# WORK TO BE COMPLETED:
From the listing below, output only the lines starting at the line that has "Bolsa de almuerzo de" and ending at the line that has "details round black", exactly as they appear, ends included.

# GIVEN RECORDS:
- - -

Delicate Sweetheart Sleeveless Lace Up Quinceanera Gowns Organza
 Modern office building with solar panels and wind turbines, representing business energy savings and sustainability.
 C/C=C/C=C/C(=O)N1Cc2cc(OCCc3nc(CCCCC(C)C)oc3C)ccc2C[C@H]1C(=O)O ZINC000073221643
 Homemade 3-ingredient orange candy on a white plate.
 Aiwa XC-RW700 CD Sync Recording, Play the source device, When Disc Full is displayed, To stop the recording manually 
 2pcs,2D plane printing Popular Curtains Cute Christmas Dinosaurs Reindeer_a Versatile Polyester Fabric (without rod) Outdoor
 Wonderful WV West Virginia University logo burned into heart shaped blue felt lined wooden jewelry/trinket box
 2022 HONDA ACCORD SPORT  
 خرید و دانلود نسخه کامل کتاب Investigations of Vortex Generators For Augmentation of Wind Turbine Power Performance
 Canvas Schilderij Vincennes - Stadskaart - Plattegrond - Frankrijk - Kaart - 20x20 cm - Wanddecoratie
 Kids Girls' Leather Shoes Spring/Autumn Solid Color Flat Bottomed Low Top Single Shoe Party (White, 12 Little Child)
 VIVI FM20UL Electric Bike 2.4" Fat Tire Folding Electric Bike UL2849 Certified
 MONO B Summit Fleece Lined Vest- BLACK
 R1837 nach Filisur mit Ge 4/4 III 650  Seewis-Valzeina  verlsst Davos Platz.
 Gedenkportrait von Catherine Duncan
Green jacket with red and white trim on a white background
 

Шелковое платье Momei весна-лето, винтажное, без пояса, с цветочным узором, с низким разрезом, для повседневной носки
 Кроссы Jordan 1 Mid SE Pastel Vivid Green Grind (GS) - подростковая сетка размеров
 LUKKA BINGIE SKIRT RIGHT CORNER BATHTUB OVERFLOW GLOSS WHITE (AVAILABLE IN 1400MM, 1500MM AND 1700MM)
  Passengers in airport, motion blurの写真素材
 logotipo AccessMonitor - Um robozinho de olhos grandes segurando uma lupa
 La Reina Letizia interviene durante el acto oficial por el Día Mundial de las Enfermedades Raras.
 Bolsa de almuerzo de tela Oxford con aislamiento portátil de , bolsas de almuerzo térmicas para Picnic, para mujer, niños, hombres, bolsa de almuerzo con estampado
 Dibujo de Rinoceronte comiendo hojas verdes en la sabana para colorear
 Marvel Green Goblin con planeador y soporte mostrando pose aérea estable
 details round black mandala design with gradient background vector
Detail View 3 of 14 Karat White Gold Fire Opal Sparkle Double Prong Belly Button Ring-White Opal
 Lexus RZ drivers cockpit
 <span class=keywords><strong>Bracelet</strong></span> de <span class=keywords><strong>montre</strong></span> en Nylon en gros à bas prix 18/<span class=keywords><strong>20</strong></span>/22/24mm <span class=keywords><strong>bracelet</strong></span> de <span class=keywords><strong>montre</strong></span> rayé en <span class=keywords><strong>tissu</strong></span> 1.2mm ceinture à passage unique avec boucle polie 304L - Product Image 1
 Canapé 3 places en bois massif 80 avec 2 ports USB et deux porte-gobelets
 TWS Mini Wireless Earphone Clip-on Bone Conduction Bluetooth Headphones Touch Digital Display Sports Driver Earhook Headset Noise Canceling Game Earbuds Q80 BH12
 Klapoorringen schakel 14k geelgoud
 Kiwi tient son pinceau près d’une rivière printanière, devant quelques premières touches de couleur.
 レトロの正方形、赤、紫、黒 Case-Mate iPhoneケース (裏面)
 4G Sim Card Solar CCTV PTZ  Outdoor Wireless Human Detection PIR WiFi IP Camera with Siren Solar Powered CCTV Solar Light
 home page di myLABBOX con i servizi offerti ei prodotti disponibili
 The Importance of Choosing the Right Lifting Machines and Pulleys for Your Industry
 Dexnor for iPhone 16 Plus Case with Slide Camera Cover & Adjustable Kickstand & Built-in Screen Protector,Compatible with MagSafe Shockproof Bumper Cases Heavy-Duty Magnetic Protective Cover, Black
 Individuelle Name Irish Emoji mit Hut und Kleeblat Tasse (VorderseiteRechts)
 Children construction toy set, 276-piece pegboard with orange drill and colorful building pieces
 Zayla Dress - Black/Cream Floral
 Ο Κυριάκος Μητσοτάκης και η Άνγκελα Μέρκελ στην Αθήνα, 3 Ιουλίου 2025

- - -

# WRITTEN ANSWER:
 Bolsa de almuerzo de tela Oxford con aislamiento portátil de , bolsas de almuerzo térmicas para Picnic, para mujer, niños, hombres, bolsa de almuerzo con estampado
 Dibujo de Rinoceronte comiendo hojas verdes en la sabana para colorear
 Marvel Green Goblin con planeador y soporte mostrando pose aérea estable
 details round black mandala design with gradient background vector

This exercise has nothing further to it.